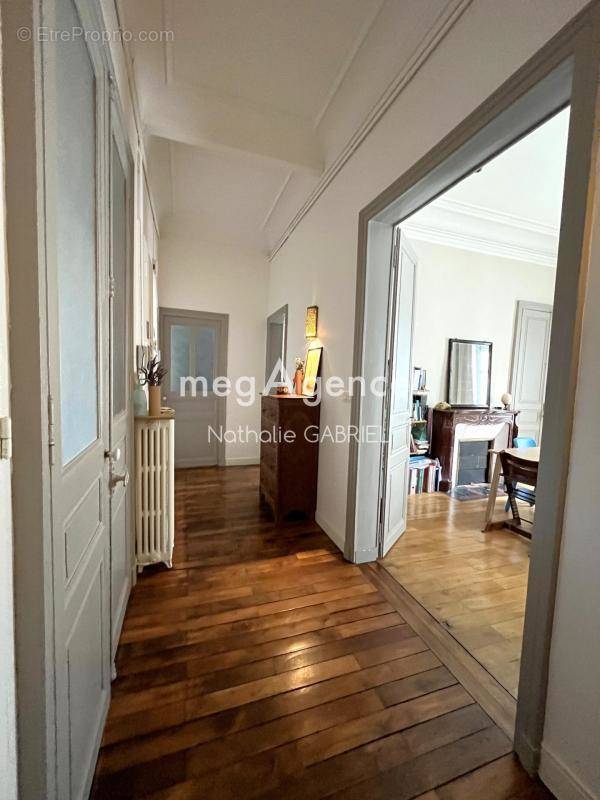 Appartement à ANGERS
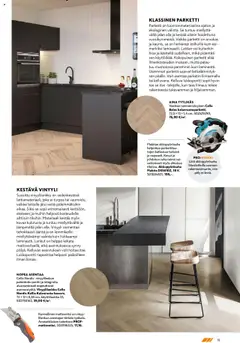 K-Rauta-mainoslehti voimassa 01.09.2025 alkaen | Sivu: 19 | Tuotteet: Voi, Tee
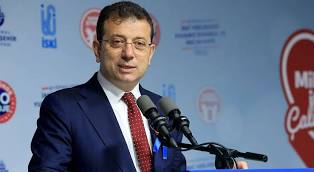 İmamoğlu :Toplumla aramızdaki mesafe açılıyor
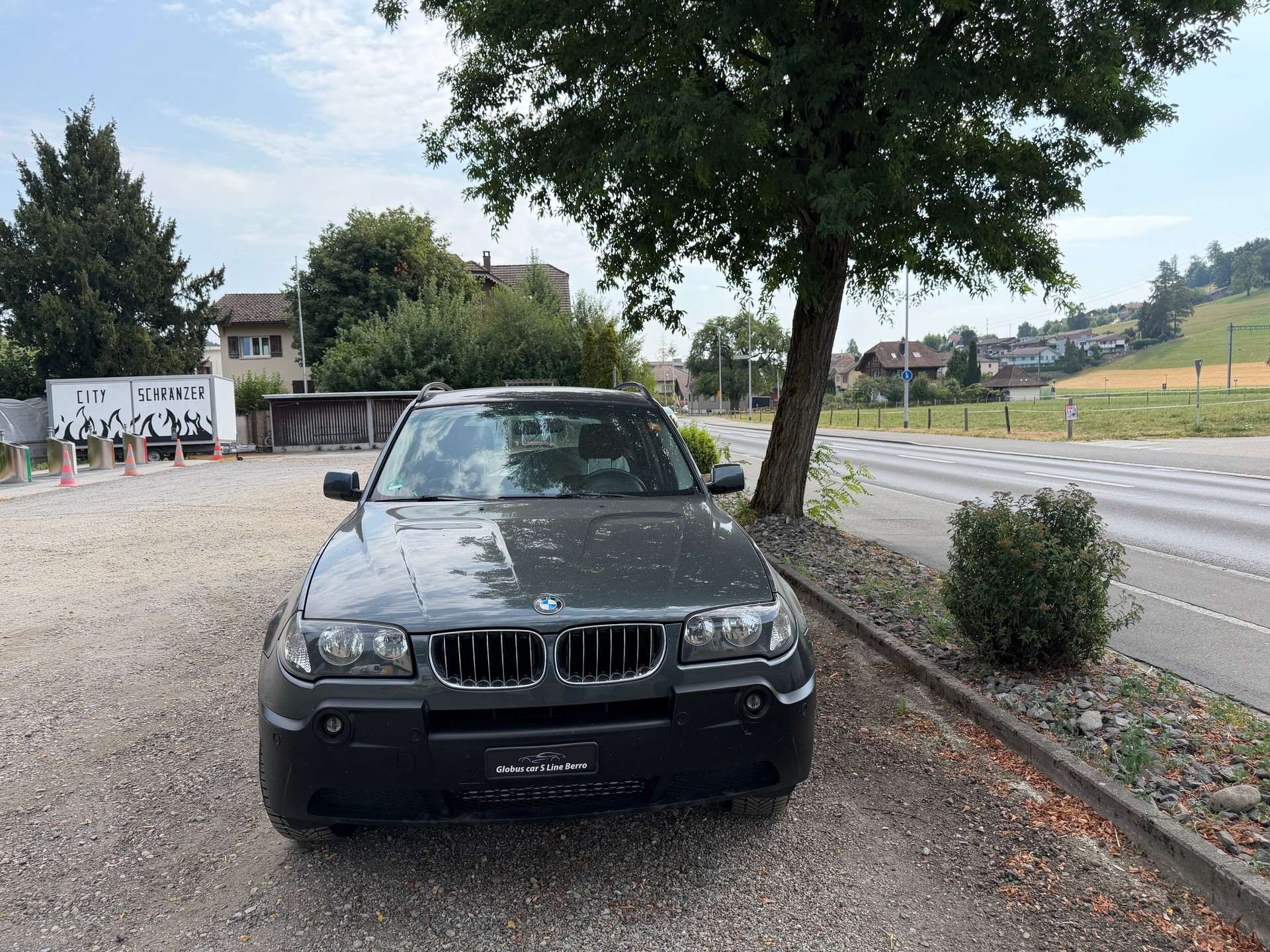 BMW X3 3.0d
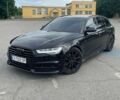 Черный Ауди А6, объемом двигателя 2 л и пробегом 160 тыс. км за 21500 $, фото 1 на Automoto.ua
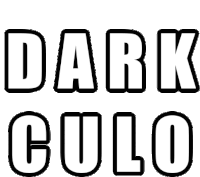 Dark Culo Sticker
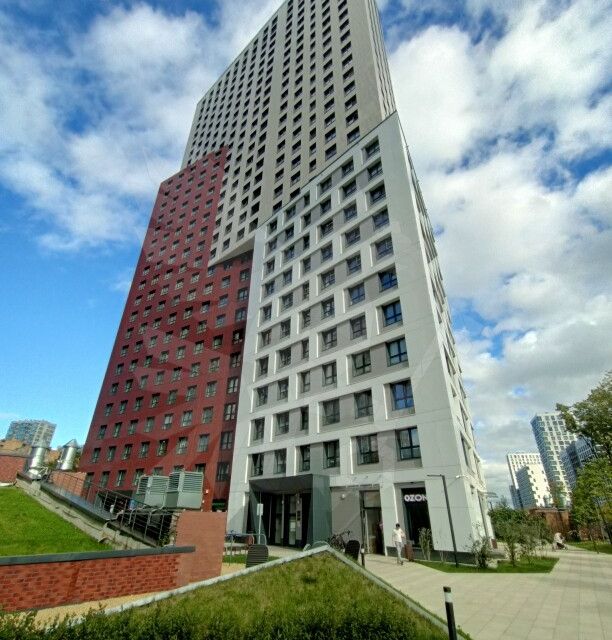 Продаётся 3-комнатная квартира, 68.8 м²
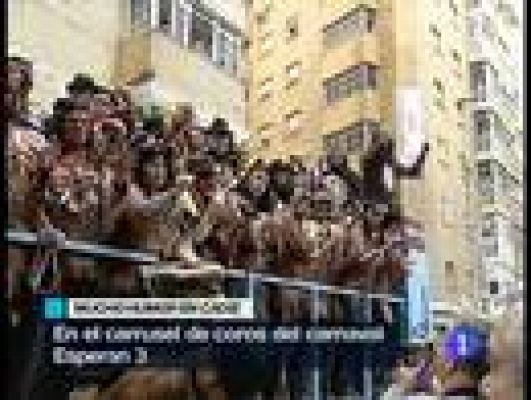  - Carnavales en Cádiz y Las Palmas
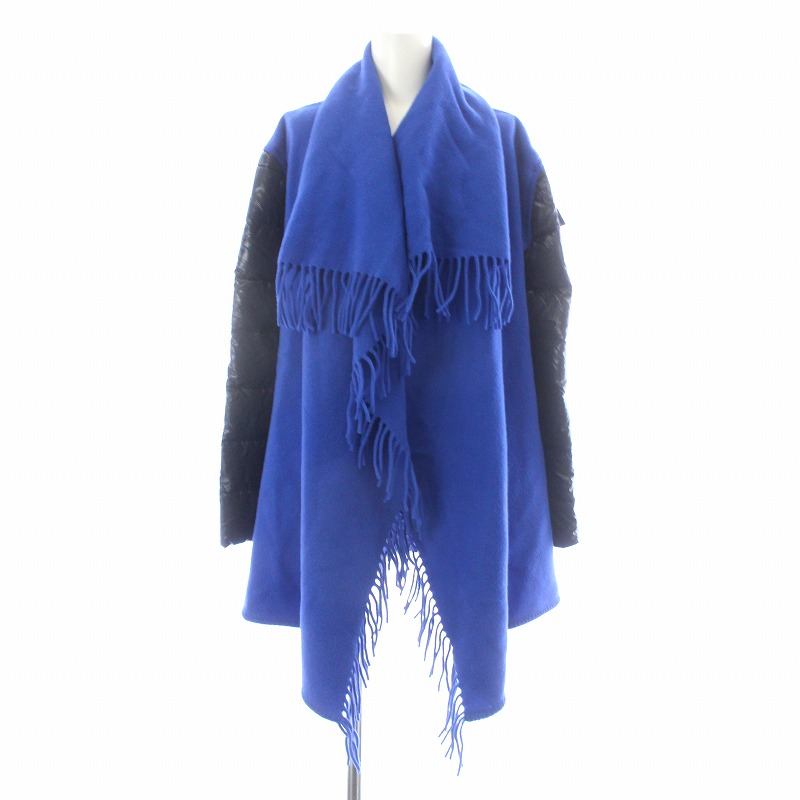 未使用品 モンクレール MONCLER マンテラ MANTELLA ケープ ダウン  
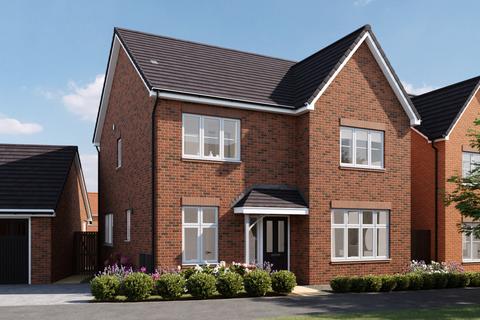 Plot 14, The Aspen at Liberty Place... 4 bed detached house for sale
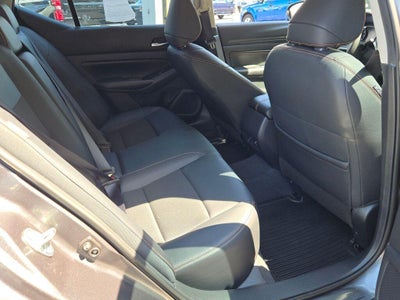2022 Nissan Altima SR Intelligent AWD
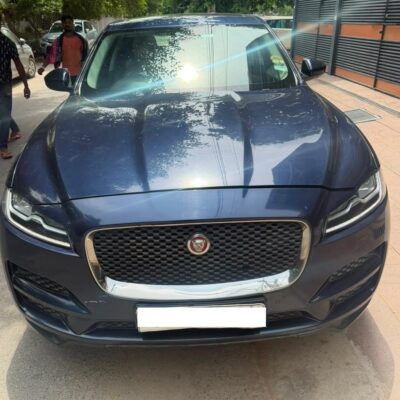Jaguar F-Pace 20d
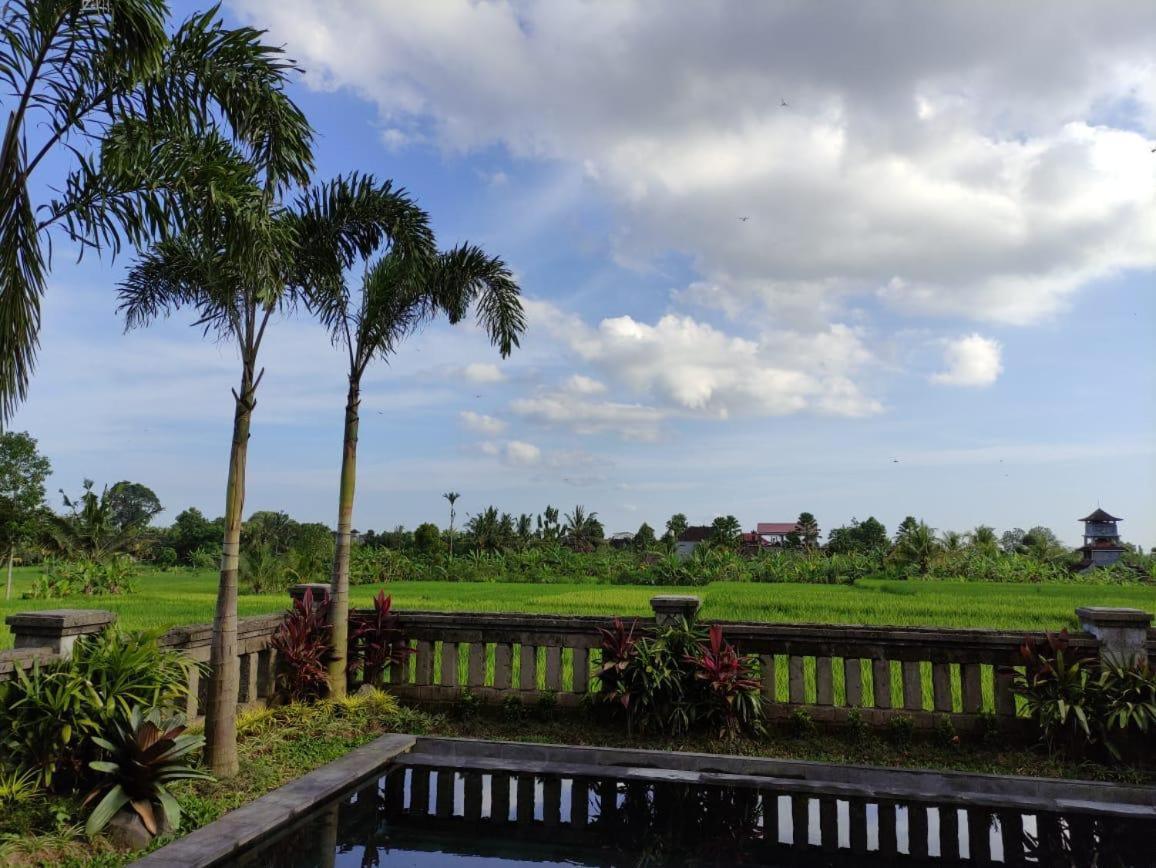 Anggarakasih Ubud Villa מראה חיצוני תמונה
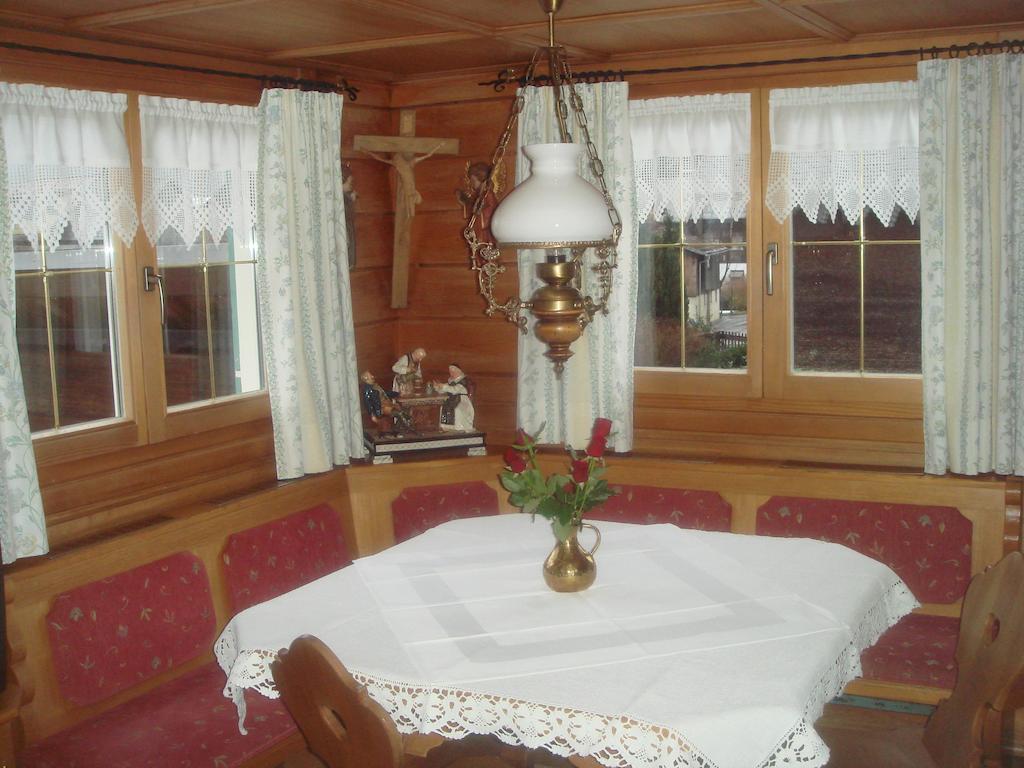 Apartment Sutterlüty *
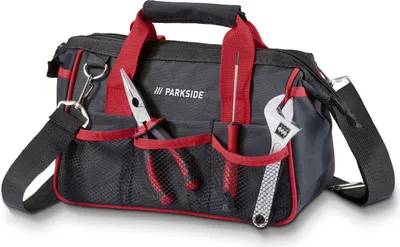 Produktbild von PARKSIDE® Werkzeugtasche, 23-teilig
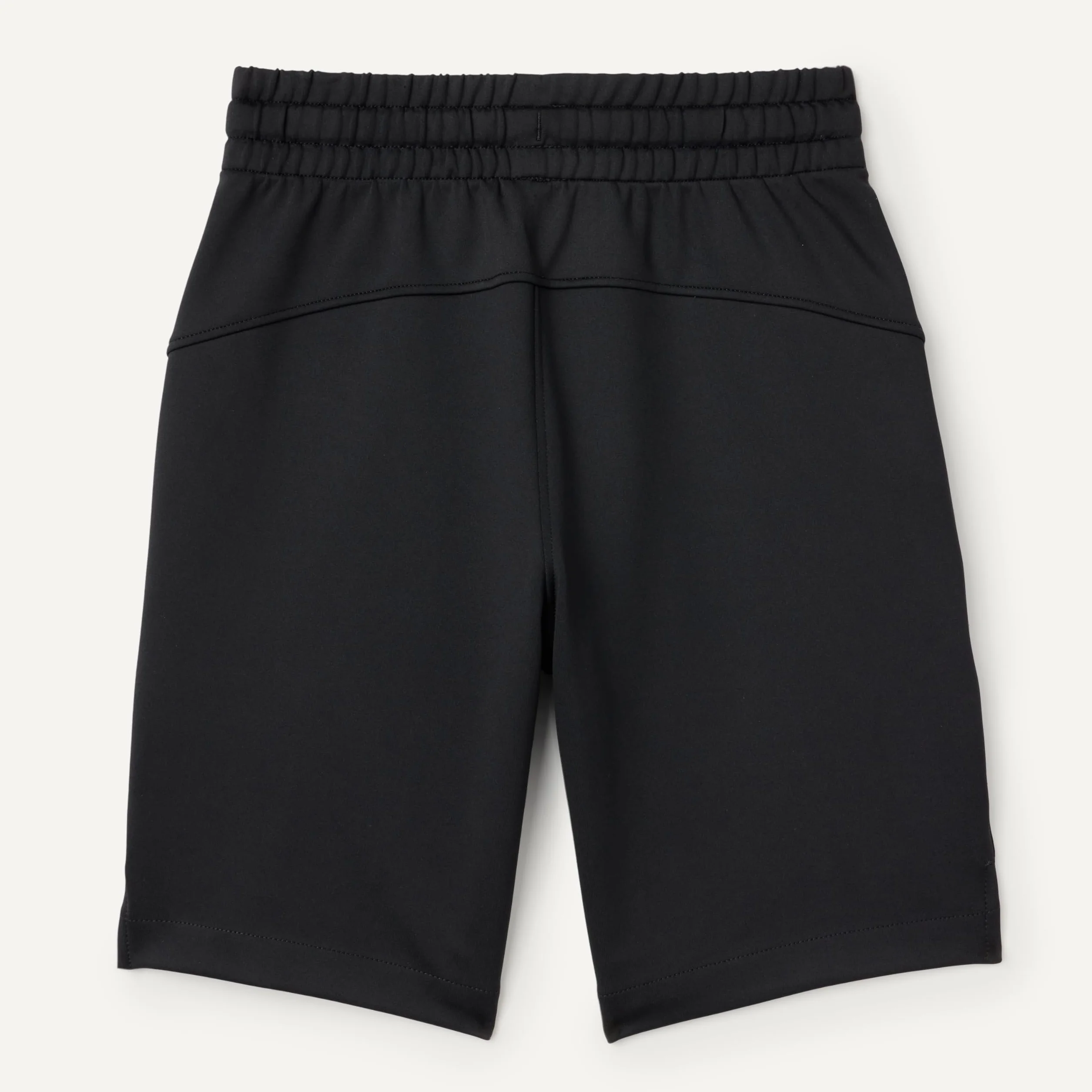 Amazon Essentials Pantalones Cortos Deportivos de Punto Elástico de Alto Rendimiento Niños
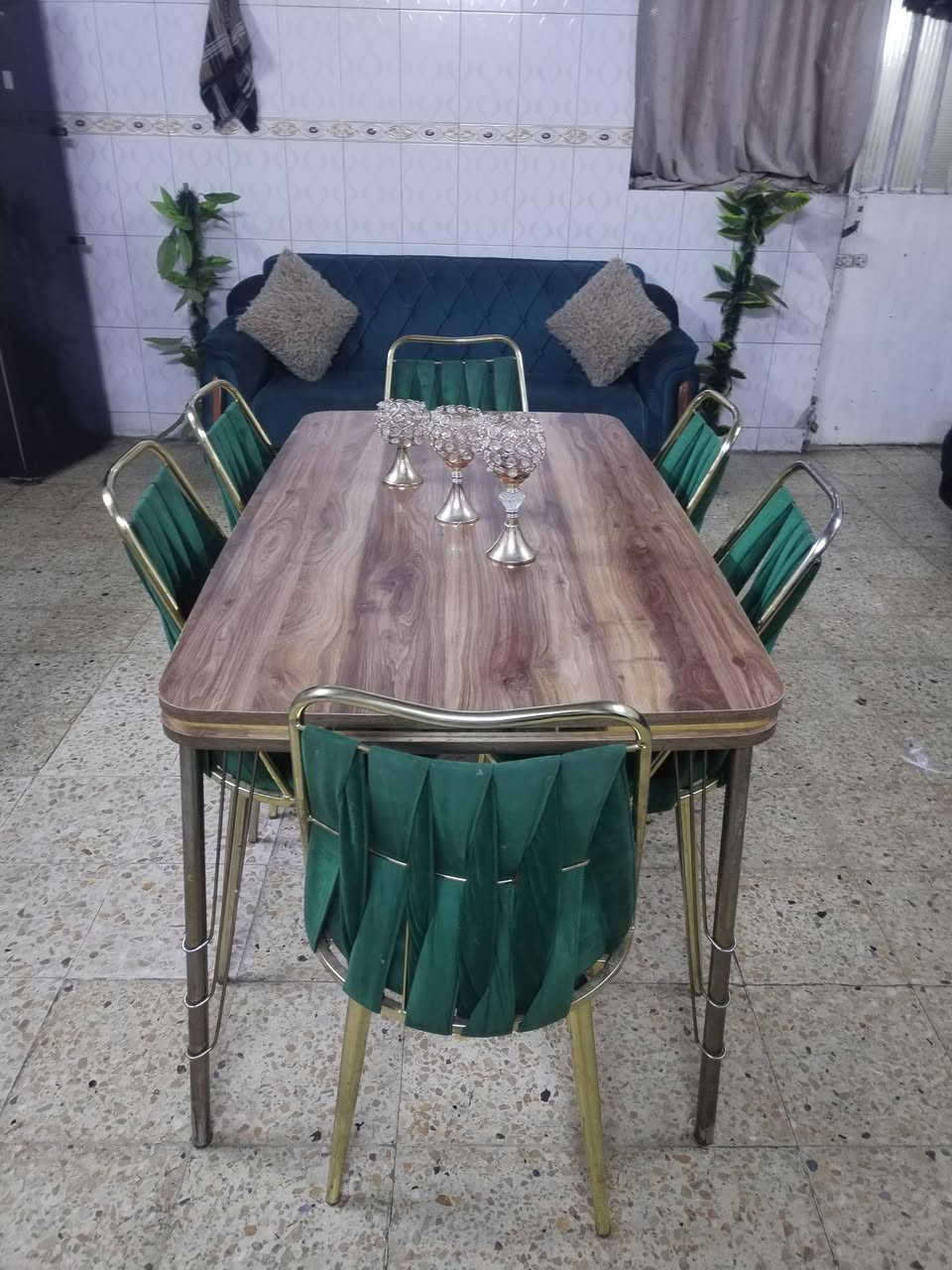 ميز طعام للبيع


**إذا كنت صاحب هذا الإعلان وتريد حذفه لأي سبب، رجاءا أرسل رسالة إلى الدعم الفني**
********************
Instructions for the task:
Write out every record exactly. Leave the pictures out.

Expected answer:
 Appartement à ANGERS
 K-Rauta-mainoslehti voimassa 01.09.2025 alkaen | Sivu: 19 | Tuotteet: Voi, Tee
 İmamoğlu :Toplumla aramızdaki mesafe açılıyor
 BMW X3 3.0d
 Черный Ауди А6, объемом двигателя 2 л и пробегом 160 тыс. км за 21500 $, фото 1 на Automoto.ua
 Dark Culo Sticker
 Продаётся 3-комнатная квартира, 68.8 м²
  - Carnavales en Cádiz y Las Palmas
 未使用品 モンクレール MONCLER マンテラ MANTELLA ケープ ダウン  
 Plot 14, The Aspen at Liberty Place... 4 bed detached house for sale
2022 Nissan Altima SR Intelligent AWD
Jaguar F-Pace 20d
 Anggarakasih Ubud Villa מראה חיצוני תמונה
 Apartment Sutterlüty *
 Produktbild von PARKSIDE® Werkzeugtasche, 23-teilig
 Amazon Essentials Pantalones Cortos Deportivos de Punto Elástico de Alto Rendimiento Niños
 ميز طعام للبيع


**إذا كنت صاحب هذا الإعلان وتريد حذفه لأي سبب، رجاءا أرسل رسالة إلى الدعم الفني**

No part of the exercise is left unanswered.